This document summarizes work to October 2018 in demonstrating the concept of remote HDF5. There are two main components to this document
A section on Bioconductor-oriented object designs and methods for
using HDF5 data in server or object store, culminating in
DelayedArray
interfaces to remote HDF5 datasets that
are 2-d arrays of numbers. The HDF5 server can be locally
deployed by interested users; in
this vignette, code involving it is not evaluated.
A section on a more general R interface to the h5py/h5pyd APIs for working with remote or local HDF5
N.B. All python modules that are imported in this document
are imported with convert=FALSE
, so that there are no
unintended translations of python data into R data. You
will see py_to_r
used below to accomplish such transitions
when desired.
The rhdf5client package is a basis for using HDF Server and HDF Object store with R/Bioconductor.
The primary software base for working with the HDF Scalable Data Service is the h5pyd Python library.
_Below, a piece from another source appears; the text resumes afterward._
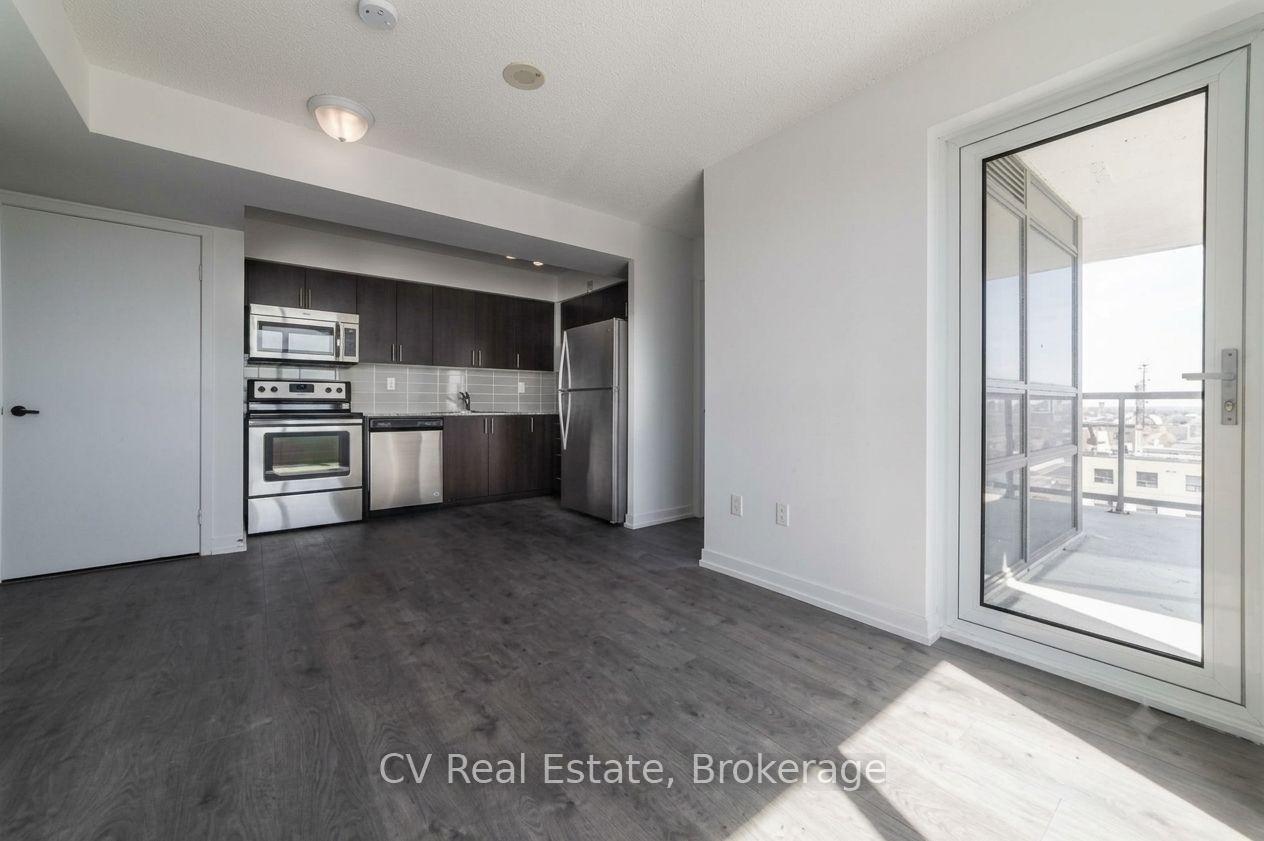 Photo of Unit 2613, 1410 Dupont Street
Below we discuss how to use that library with R. Here we illustrate the basic interfaces in rhdf5client. John Readey of the HDF Group has provided a public repository of HDF5 data in an HSDS folder called /shared/bioconductor that will be used here.
Use HSDSSource
to create an object that
can route queries to HSDS. The resource
is structured like a file system. You can
enumerate available domains using listDomains
,
which can be thought of as files that
contain HDF5 datasets.
## [1] "http://hsdshdflab.hdfgroup.org"
## [1] "/shared/bioconductor/darmgcls.h5"
## [2] "/shared/bioconductor/patelGBMSC.h5"
## [3] "/shared/bioconductor/tabmuris70k20t.h5"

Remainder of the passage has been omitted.